ASSIGNMENT – The answer must be an exact copy of the lines from the one containing "Wurzelbehandlung beim Zahnarzt" through the last line of the records, with no pictures.

Image-caption web data –
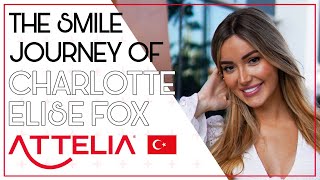 THE SMILE JOURNEY OF THE EXTREMELY BEAUTIFUL amp CHARMING INFLUENCER CHARLOTTE ELISE FOX atteliadent [upl. by Anselmo345]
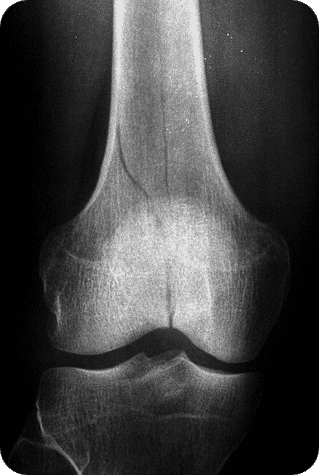 <p>Longitudinal</p>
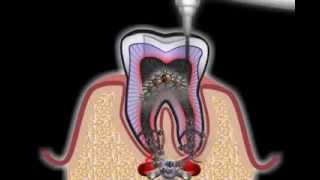 Wurzelbehandlung beim Zahnarzt [upl. by Ilrebmyk]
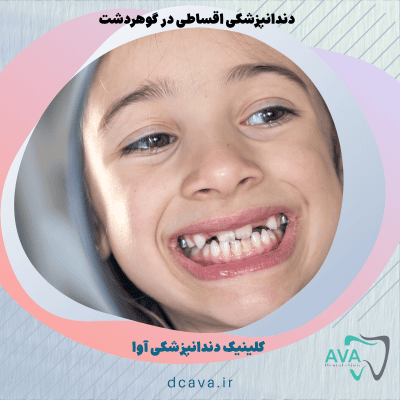 دندانپزشکی اقساطی در گوهردشت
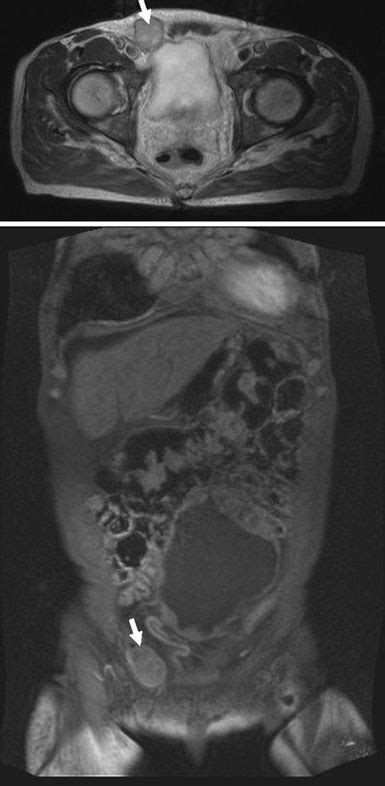 Identification Of Inguinal Lymph Node Metastasis From Abdominal Gist By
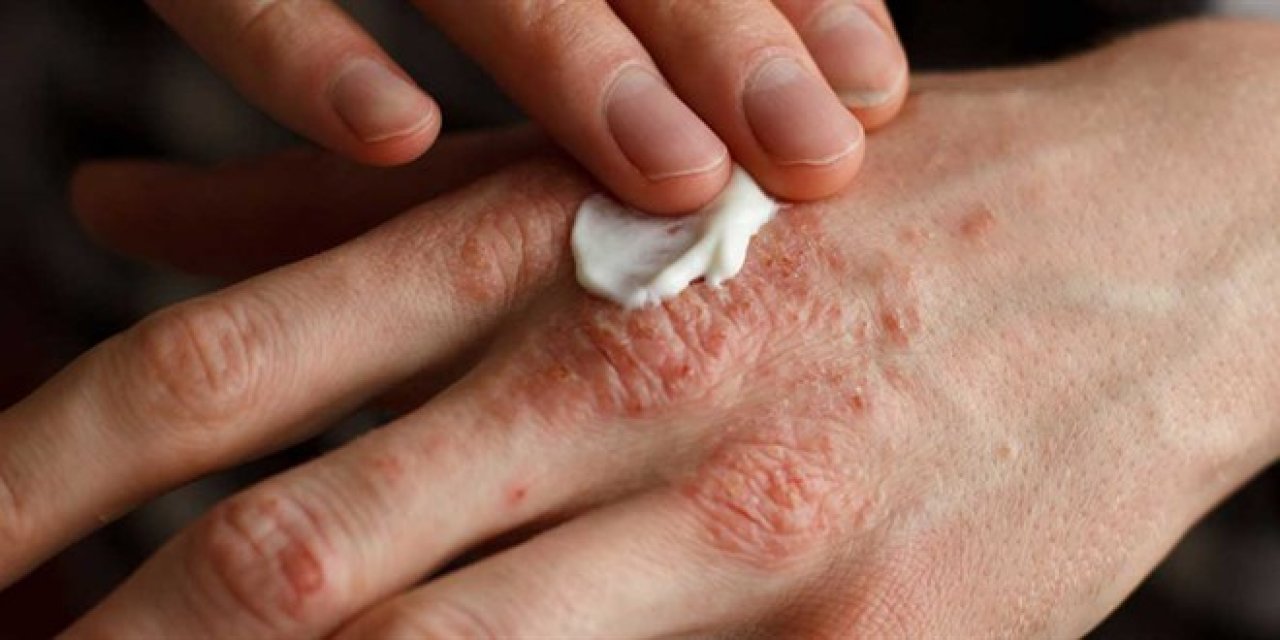 'Egzama, besin alerjisi ile bağlantılı olabilir' tespiti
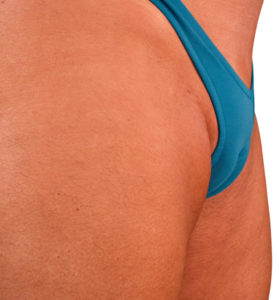 Transgender MTF Swimwear Designs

ANSWER –
 Wurzelbehandlung beim Zahnarzt [upl. by Ilrebmyk]
 دندانپزشکی اقساطی در گوهردشت
 Identification Of Inguinal Lymph Node Metastasis From Abdominal Gist By
 'Egzama, besin alerjisi ile bağlantılı olabilir' tespiti
 Transgender MTF Swimwear Designs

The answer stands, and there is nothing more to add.